中国では、4月にかけて都市封鎖の範囲が拡大し、経済活動は大幅に縮小した。5月に入ってからは、感染の縮小により活動制限は緩和される方向にあるため、今後の経済活動の持ち直しが期待される。

■都市封鎖が経済活動を大きく下押し
中国政府は新型コロナの感染封じ込めに向け、2022年4月にかけて都市封鎖の動きを拡大させた。31省・市・自治区政府が公表する新型コロナの新規感染者数によると、感染が報告された地域の数は2月初めの5地域から4月末の13地域へ大幅に増加した。これらの地域では、市全体または一部で封鎖が実施された。

3月後半に実施された上海市の都市封鎖は長引いているほか、江蘇省蘇州市や北京市、河南省鄭州市といった大都市も一部の地域が封鎖された。上海市の地下鉄乗客数は4月末でゼロとなったほか、蘇州市、北京市、鄭州市はそれぞれコロナ禍前の2020年1月前半の3割、6割、7割の水準へ低下した。

それに伴い経済活動も縮小し、なかでも個人消費が大幅に減少した。4月の小売売上高は前年同月比▲11.1%と2年1カ月ぶりに二桁の減少となった。とりわけ、外食は同▲22.7%減少するなどサービス消費の落ち込みが顕著である。地域別にみると、3月の統計を公表した9省・市・自治区のうち6地域で小売売上高は前年割れとなり、消費の落ち込みが幅広い地域で生じた。

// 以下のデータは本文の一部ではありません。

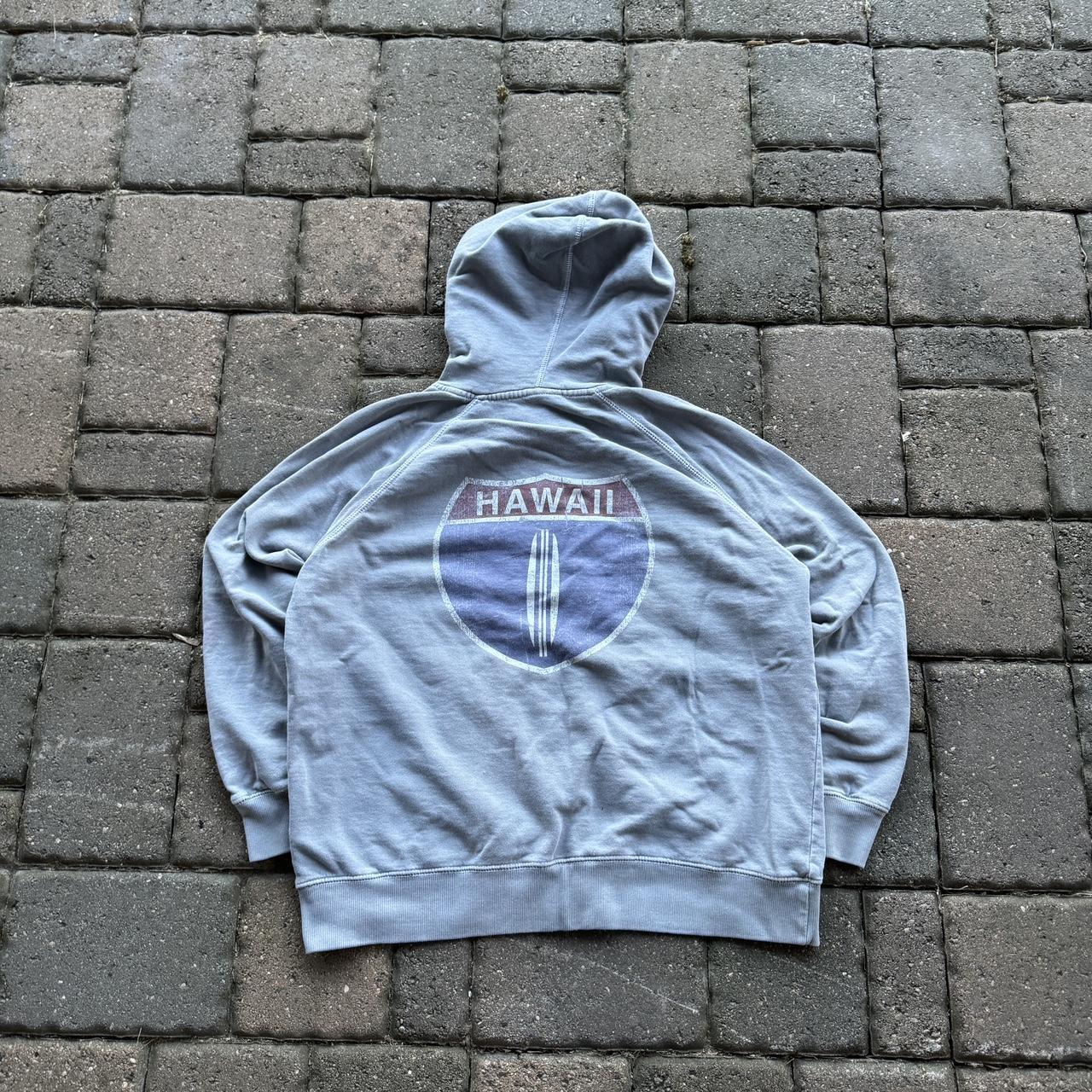 Hawaii Zip up Hoodie Color - Gray Size - (no tag,... - Depop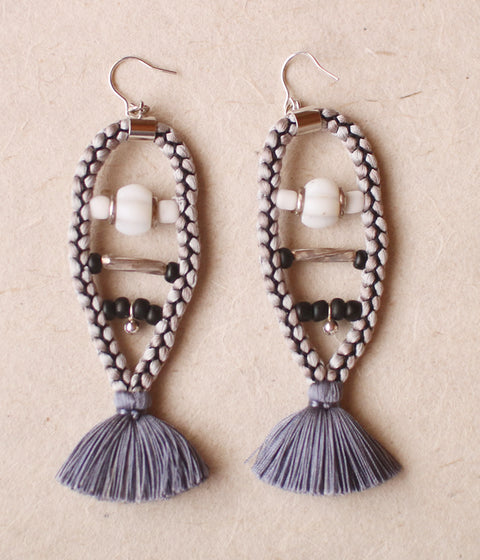 Kumihimo Silk Braided Earrings [E]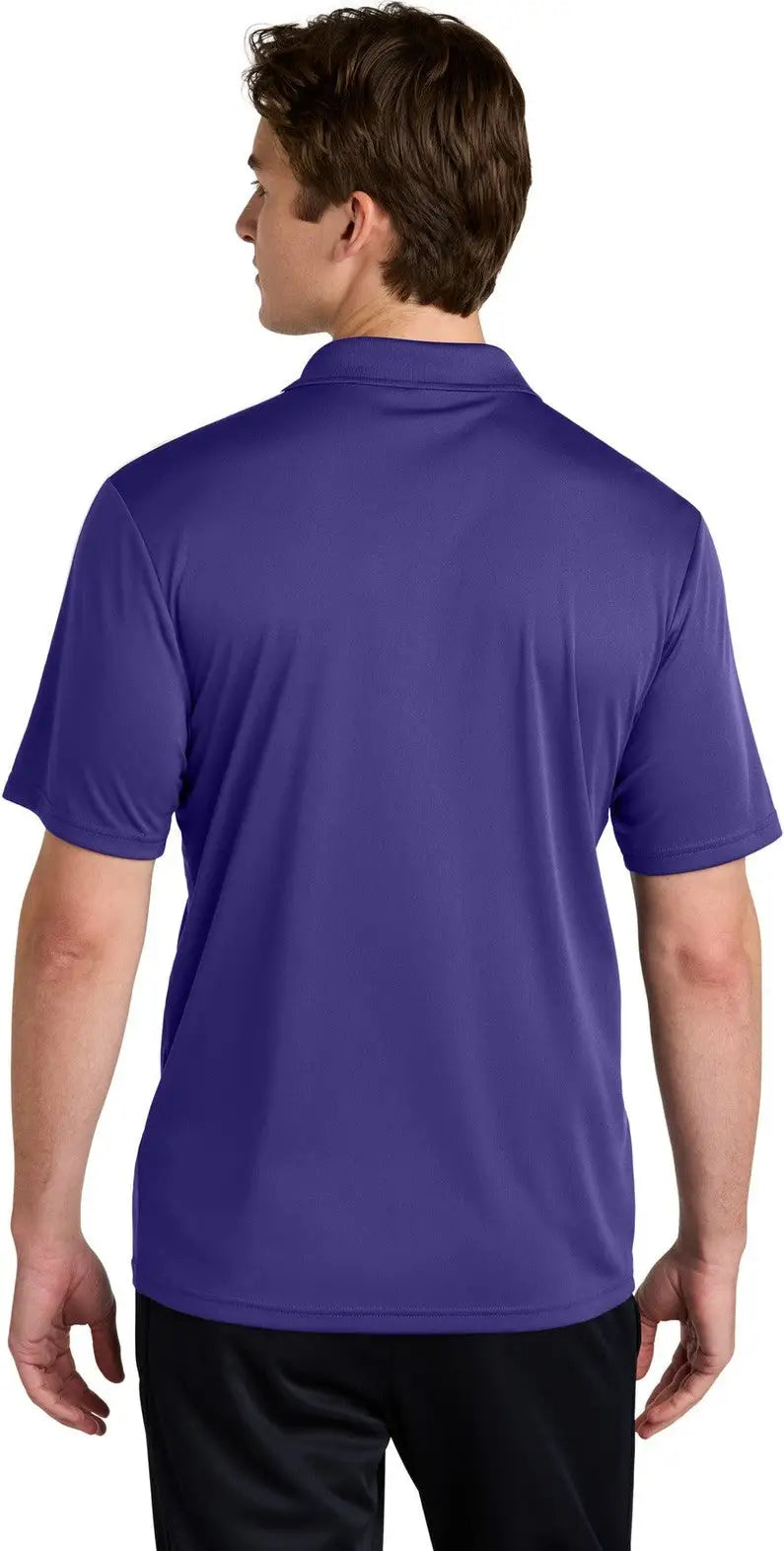 Sport-tek St104 Competitor United Polo - Purple White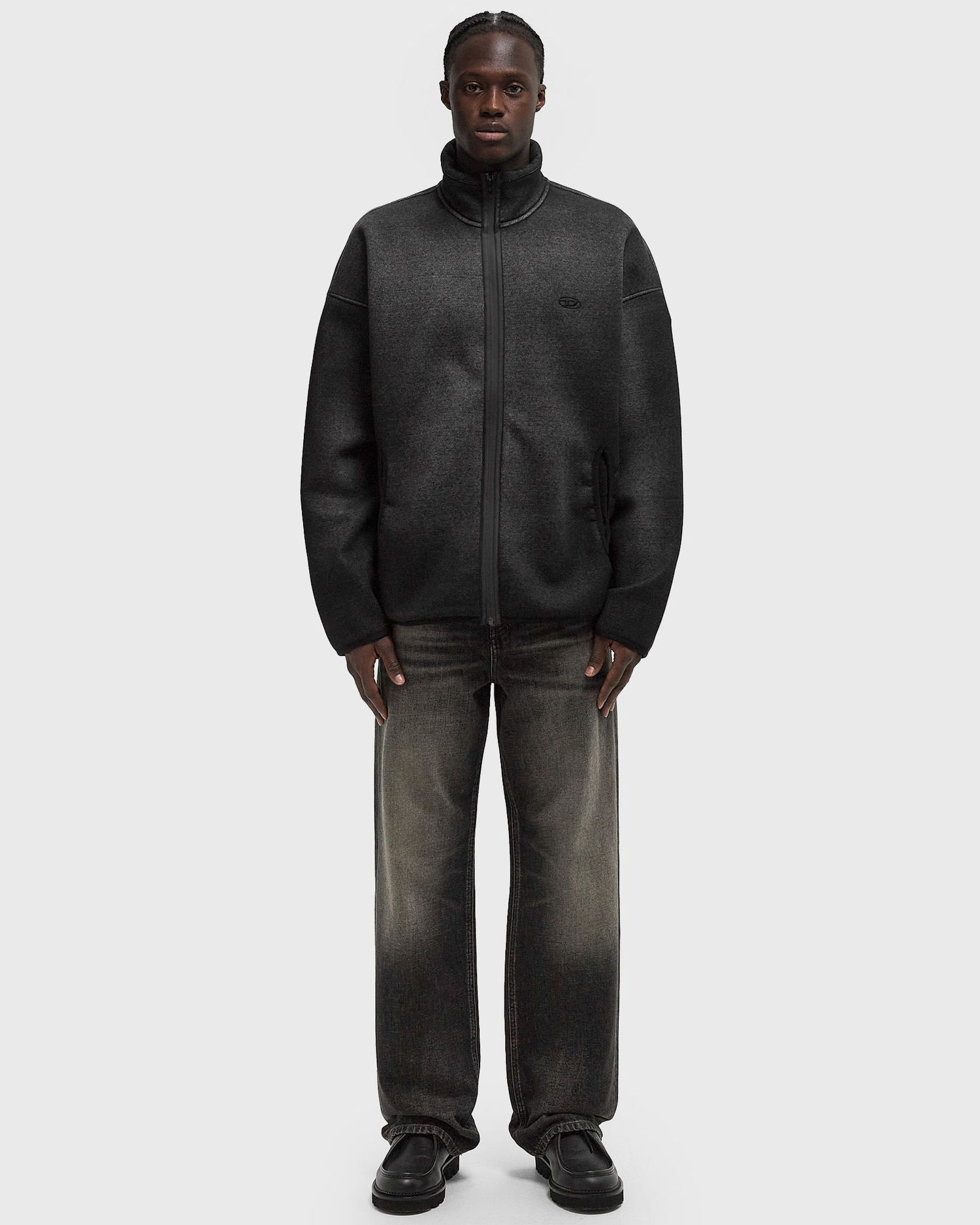 Sveter Diesel S-BATY Zip-Up Sweatshirt XL Čierna | A16109-0SLBV-02, 1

製造業の生産活動も下振れた。工場の操業停止や物流の停滞を受けて、4月の工業生産は前年同月比▲2.9%とやはり新型コロナ発生当初以来の前年割れとなった。品目別にみると、自動車、パソコン、スマートフォン、産業用ロボット、セメントなど幅広い分野で減産となった。地域別にみると、31省・市・自治区のうち3地域の工業生産が3月時点ですでに前年割れとなっており、4月は前年割れの動きが11地域に広がった。

■固定資産投資も不振
景気の下支え役として期待された固定資産投資も落ち込んでいる。政府は、地方政府や企業の投資を資金面で支援しているものの、4月の建設機械の稼働時間は一段と落ち込んだ。この背景として、以下の3点が指摘できる。第1は、厳しい活動制限による物流の停滞や労働力の供給不足を受けて、インフラ投資や企業の固定資産投資が下振れたことである。第2は、ゼロコロナ政策の継続やウクライナ情勢の悪化といった先行き不透明感の強まりにより、企業が投資を手控えたことである。第3は、不動産開発投資の低迷である。住宅需要が低迷しているほか、関連企業の資金調達難が続いている。

■足元では封鎖解除の方向
もっとも、5月に入ってから、感染が縮小する方向にあり、厳格な活動制限が行われる地域数は5月17日時点で8地域へ大幅に減少した。上海市も6月に都市封鎖が解除される予定である。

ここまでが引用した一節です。